**Exercise**
After locating the line that holds "NIke shoes main image 4", output it and all following lines word for word, stopping only at the end of the data.

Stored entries

..........

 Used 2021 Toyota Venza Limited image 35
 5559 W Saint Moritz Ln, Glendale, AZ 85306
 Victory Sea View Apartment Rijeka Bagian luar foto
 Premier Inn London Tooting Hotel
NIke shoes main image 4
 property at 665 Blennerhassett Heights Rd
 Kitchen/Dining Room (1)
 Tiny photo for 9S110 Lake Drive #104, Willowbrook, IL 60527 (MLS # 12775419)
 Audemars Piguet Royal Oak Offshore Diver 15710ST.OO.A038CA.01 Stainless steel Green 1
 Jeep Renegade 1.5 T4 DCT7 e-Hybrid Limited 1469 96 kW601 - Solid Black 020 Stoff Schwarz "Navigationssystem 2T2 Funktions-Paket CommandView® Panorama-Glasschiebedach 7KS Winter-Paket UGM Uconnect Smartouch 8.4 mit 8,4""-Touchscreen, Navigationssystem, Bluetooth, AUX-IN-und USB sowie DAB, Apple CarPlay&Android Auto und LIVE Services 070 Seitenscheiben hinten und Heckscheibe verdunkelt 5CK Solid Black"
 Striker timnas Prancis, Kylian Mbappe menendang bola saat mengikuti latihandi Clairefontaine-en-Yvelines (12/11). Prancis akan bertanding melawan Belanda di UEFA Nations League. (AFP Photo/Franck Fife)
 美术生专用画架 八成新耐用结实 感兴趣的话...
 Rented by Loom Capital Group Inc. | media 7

..........

**Output for this task**
NIke shoes main image 4
 property at 665 Blennerhassett Heights Rd
 Kitchen/Dining Room (1)
 Tiny photo for 9S110 Lake Drive #104, Willowbrook, IL 60527 (MLS # 12775419)
 Audemars Piguet Royal Oak Offshore Diver 15710ST.OO.A038CA.01 Stainless steel Green 1
 Jeep Renegade 1.5 T4 DCT7 e-Hybrid Limited 1469 96 kW601 - Solid Black 020 Stoff Schwarz "Navigationssystem 2T2 Funktions-Paket CommandView® Panorama-Glasschiebedach 7KS Winter-Paket UGM Uconnect Smartouch 8.4 mit 8,4""-Touchscreen, Navigationssystem, Bluetooth, AUX-IN-und USB sowie DAB, Apple CarPlay&Android Auto und LIVE Services 070 Seitenscheiben hinten und Heckscheibe verdunkelt 5CK Solid Black"
 Striker timnas Prancis, Kylian Mbappe menendang bola saat mengikuti latihandi Clairefontaine-en-Yvelines (12/11). Prancis akan bertanding melawan Belanda di UEFA Nations League. (AFP Photo/Franck Fife)
 美术生专用画架 八成新耐用结实 感兴趣的话...
 Rented by Loom Capital Group Inc. | media 7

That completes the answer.